The DR strongly supporting the findings of the CIT(A).

33.

We have carefully perused the orders of the authorities below. At the very outset we do not agree with the findings of the CIT(A) who stated that there is a practical difficulty in finding out relevant data.

34.

In our considered opinion the financial report of every company contains the details relating to the capacity utilisation and the same are available in the public domain also. The financial reports of the comparable 14 companies used by the TPO do contain the capacity utilisation details and the same can be used for giving the benefit of under utilisation of capacity by the appellant company. We accordingly direct the AO /TPO to allow adjustment of capacity utilisationby comparing the data of the comparable companies in so far as capacity utilisation is concerned with that of the assessee.

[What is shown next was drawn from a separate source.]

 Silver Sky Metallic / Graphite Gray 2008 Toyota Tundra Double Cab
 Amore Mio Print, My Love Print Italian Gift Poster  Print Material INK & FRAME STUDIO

In alternate the assessee shall furnish the relevant data and the AO / TPO shall examine the same after giving a reasonable opportunity of being heard to the assessee.”

32.

Respectfully following the decision of the co-ordinate bench in

assessee’s own case, we give similar direction to the Assessing

Officer/TPO to allow the adjustment of capacity adjustment by

comparing the data of the comparable companies in so far as capacity

utilisation is concerned with that of the assessee. In alternate the

assessee shall furnish the relevant data and the AO/TPO shall examine

the same after giving a reasonable opportunity of being heard to the

assessee. Ground No. 2.6 is allowed.

33.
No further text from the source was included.